İstanbul Kent Konseyi Başkanı Tülin Hadi: İstanbullular Haklarını Talep Etmeli

“Kent Konseyleri ‘siyaset üstü’ denir ama belediye başkanına rağmen kent konseyi olmaz.” 

“Katılım için iki tarafında istekli ve eşit koşullarda olması gerekiyor.” 

“Tek çaremiz var: hep beraber gelişmek zorundayız, zor olduğunu bile bile katılıma odaklanmak zorundayız. Zor, hız kesiyor ama getirisi çok.”  

Bu sözlerin sahibi İstanbul Kent Konseyi Başkanı Tülin Hadi…

Türkiye’de Kent Konseyi deneyimi, Osmanlı’dan gelen kamu yönetimi geleneğinde henüz çok yeni. İstanbul Kent Konseyi sadece 5 yıldır var. İstanbul Kent Konseyi Başkanlığını kurulduğu günden bu yana yürüten mimar Tülin Hadi, başkan sıfatının yanı sıra, evrensel bakış açısına sahip, demokrat, vizyoner, objektif ve Batılı bir kadın portresi çiziyor.   

Tülin Hadi ile yaptığım bu uzun söyleşide, başkanlığı döneminde neleri yapıp neleri yapamadıklarını; devasa sorunları olan bir kentte katılım ve kapsayıcılığın olanaklarını, İBB ve yurttaşlara dair gözlemleri, özeleştirileri ve çok daha fazlasını konuştuk. 

Söyleşi hem yerel yönetimler hem sivil aktörler için yol gösterici ve zihin açıcı. Zira İstanbul gibi çok aktörlü, çok sorunlu bir kentte yerel yönetimler, sivil toplum ve yurttaşlar odağında katılım ve kapsayıcılığa dair önemli tespitleri kapsıyor.
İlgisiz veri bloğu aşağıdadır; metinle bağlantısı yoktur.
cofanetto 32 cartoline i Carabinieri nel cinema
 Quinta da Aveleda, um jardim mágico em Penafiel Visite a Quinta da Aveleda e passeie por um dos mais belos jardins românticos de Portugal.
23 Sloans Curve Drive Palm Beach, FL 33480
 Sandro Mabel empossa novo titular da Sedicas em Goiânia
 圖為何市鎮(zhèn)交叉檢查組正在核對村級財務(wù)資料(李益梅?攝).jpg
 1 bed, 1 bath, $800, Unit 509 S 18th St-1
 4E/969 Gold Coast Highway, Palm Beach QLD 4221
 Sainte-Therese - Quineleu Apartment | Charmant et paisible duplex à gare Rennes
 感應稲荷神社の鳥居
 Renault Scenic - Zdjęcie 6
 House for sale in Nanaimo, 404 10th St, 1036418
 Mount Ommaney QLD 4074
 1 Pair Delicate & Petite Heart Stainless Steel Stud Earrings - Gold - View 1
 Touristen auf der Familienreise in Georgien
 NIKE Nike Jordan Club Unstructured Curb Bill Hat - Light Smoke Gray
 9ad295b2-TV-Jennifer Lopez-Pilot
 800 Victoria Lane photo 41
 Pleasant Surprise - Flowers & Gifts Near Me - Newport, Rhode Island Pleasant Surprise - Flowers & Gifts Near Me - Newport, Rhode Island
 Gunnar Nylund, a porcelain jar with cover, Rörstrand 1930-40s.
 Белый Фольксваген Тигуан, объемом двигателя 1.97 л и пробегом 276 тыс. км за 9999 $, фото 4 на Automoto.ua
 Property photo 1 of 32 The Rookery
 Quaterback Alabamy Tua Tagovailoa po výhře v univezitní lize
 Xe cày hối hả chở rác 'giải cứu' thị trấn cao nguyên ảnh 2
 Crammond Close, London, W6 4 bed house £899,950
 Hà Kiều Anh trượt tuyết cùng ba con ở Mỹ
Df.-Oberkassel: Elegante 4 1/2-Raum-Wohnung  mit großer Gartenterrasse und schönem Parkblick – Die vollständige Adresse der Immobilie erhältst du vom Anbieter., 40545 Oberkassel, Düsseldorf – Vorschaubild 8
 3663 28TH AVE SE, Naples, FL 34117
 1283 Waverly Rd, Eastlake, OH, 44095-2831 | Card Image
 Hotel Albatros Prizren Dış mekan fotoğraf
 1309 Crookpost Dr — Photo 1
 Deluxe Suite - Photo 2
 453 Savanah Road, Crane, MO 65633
Hadi, deneyimleri ışığında  Kent Konseyi’nin asli işlevlerini kolaylaştırıcılık, müzakere ve izleme-değerlendirme olarak sıralıyor, geleceğe dair vizyoner önerilerde bulunuyor. 

İstanbul Kent Konseyi Başkanlığınızın üstünden 5 yıl geçti. Neler yaşadınız, nelere tanıklık ettiniz bu süre zarfında?

Kent Konseyi denilen bir yönetişim mekanizması ve ben bu mekanizmanın faydasına inanıyorum. Buranın varlığından güç alarak, burayı kullanarak birtakım sorunları çözebilecek, anlaşmazlıkları giderecek, şeffaflığı yaratabilecek ve yeni uygulamaları keşfedecek adımlar atılabilir. Zaten yönetmeliğinde “danışmayı güçlendir, hemşerilik bilincini arttırır, şeffaflığı sağlar…” der fakat tabii ki bunların nasıl gerçekleşebileceğine dair yöntemlerden bahsetmez. Yani hepimiz hissediyoruz bunların olabileceğini. Bu 5 senenin sonunda ben, Yürütme kurulu ve İstanbul Kent Konseyi ekibi bunun nasıl olabileceğini aslında anladık, gördük.

İstanbul için çok yeni bir deneyim olması süreci zor mu kıldı?

Evet çok yeni bir deneyim ve zor da bir deneyim aslında. Her şeyden önce, nitelikli katılımda bir ölçek meselesi var. Hem mekânsal olarak hem katılımcı sayısı olarak. İstanbul’un büyüklüğü, nüfusu ve insan çeşitliliği başlı başına bir zorluk. Bu zorluğun farkında olarak İstanbul Kent Konseyi’ni işe yarar kılmak, yönetişimi başarıyla gerçekleştirecek katılımı sağlamak başından beri önemsediğimiz bir mesele oldu.

“KATILIM İÇİN YETKİYİ VEREN VE ALAN İSTEKLİ OLMALI!”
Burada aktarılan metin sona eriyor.